WORK TASK:
Exactly the lines from the line that has "France fake vital" through the final line below are to be retyped, and the pictures are not.

Segment Start: SUPPLIED RECORDS

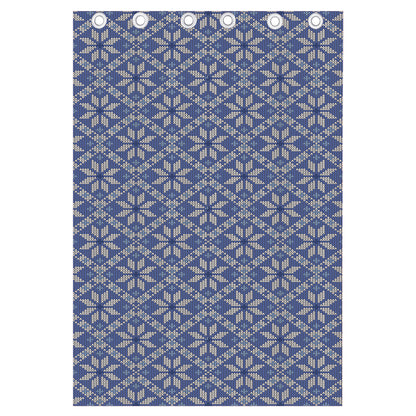 Snowflakes Knitted Pattern Print Curtain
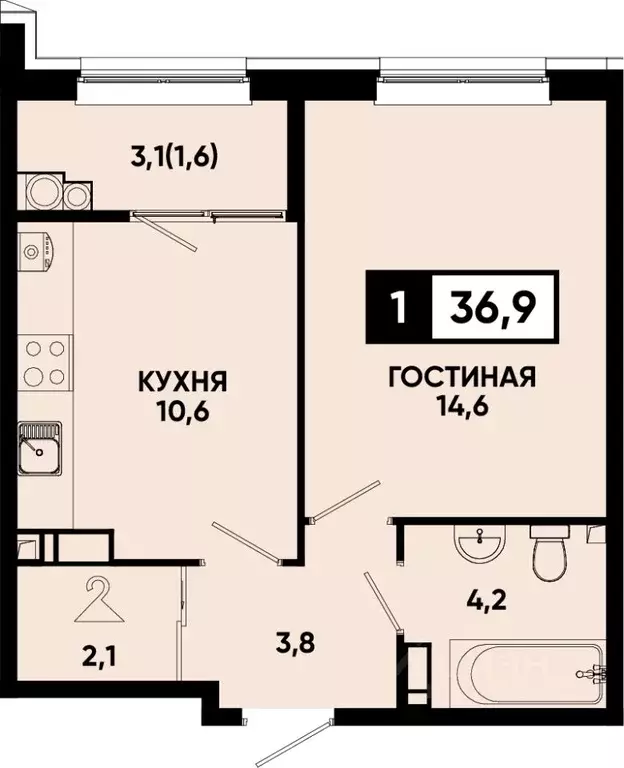 1-к кв. Ставропольский край, Кисловодск Моя Легенда жилой комплекс ... - Фото 1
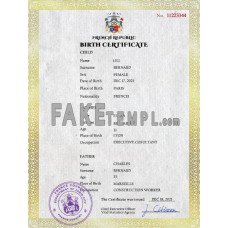 France fake vital record birth certificate photoshop template PSD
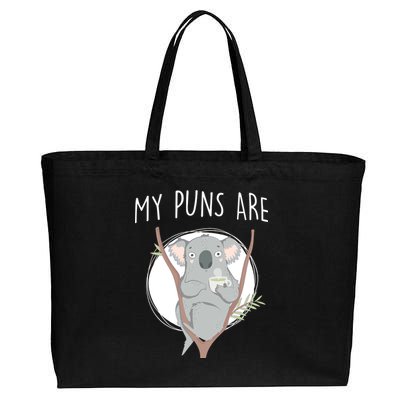 My Puns Are Koala Tea Cotton Canvas Jumbo Tote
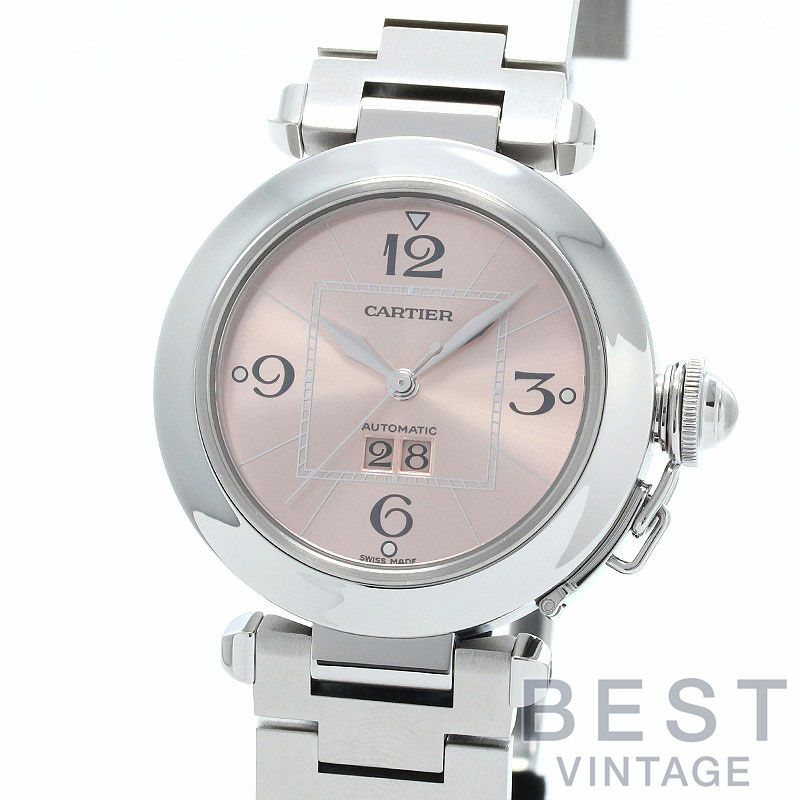 【仮】カルティエ【CARTIER】パシャCドゥカルティエビッグデイトW31058M7ボーイズピンクステンレススティール腕時計時計PASHACDECARTIERBIGDATEPINKSS【中古】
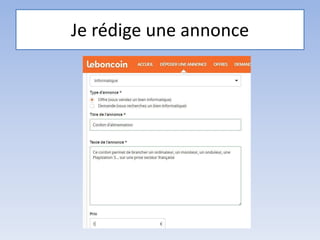 Je rédige une annonce
 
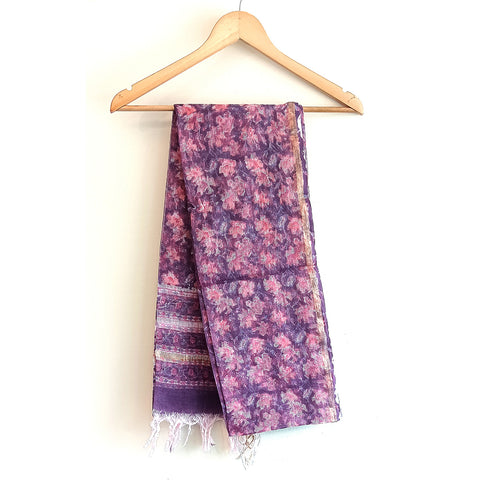Kota Doria Cotton Silk White Base and Purple Floral Hand Block Printed Duptta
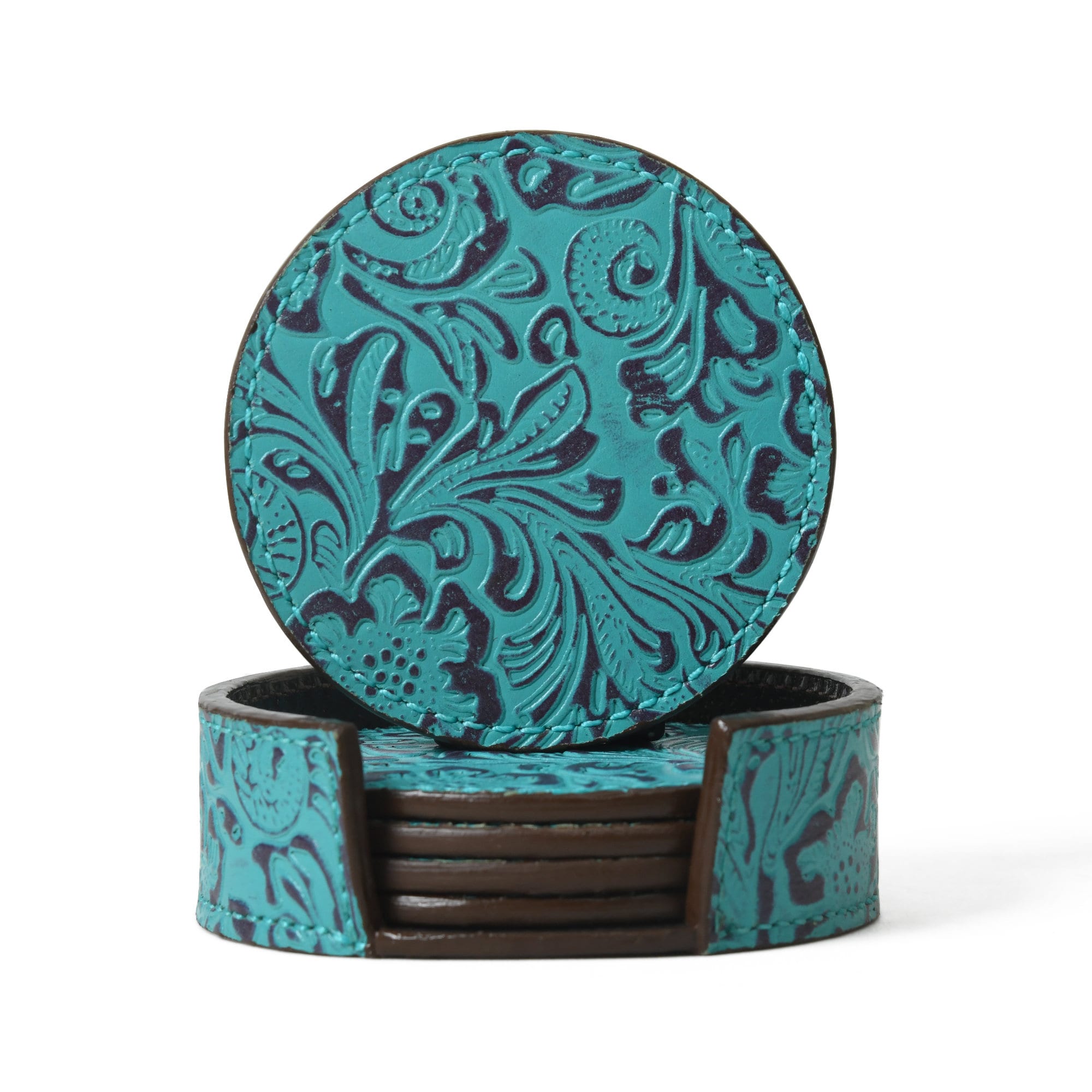 MOUSM Genuine Leather Coaster Set of 6 with Holder, Round Floral Print Coaster, Barware Gift, Gift for Him, Drink Mats Housewarming Gifts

Segment End: SUPPLIED RECORDS

ANSWER SPACE:
 France fake vital record birth certificate photoshop template PSD
 My Puns Are Koala Tea Cotton Canvas Jumbo Tote
 【仮】カルティエ【CARTIER】パシャCドゥカルティエビッグデイトW31058M7ボーイズピンクステンレススティール腕時計時計PASHACDECARTIERBIGDATEPINKSS【中古】
 Je rédige une annonce
 
Kota Doria Cotton Silk White Base and Purple Floral Hand Block Printed Duptta
 MOUSM Genuine Leather Coaster Set of 6 with Holder, Round Floral Print Coaster, Barware Gift, Gift for Him, Drink Mats Housewarming Gifts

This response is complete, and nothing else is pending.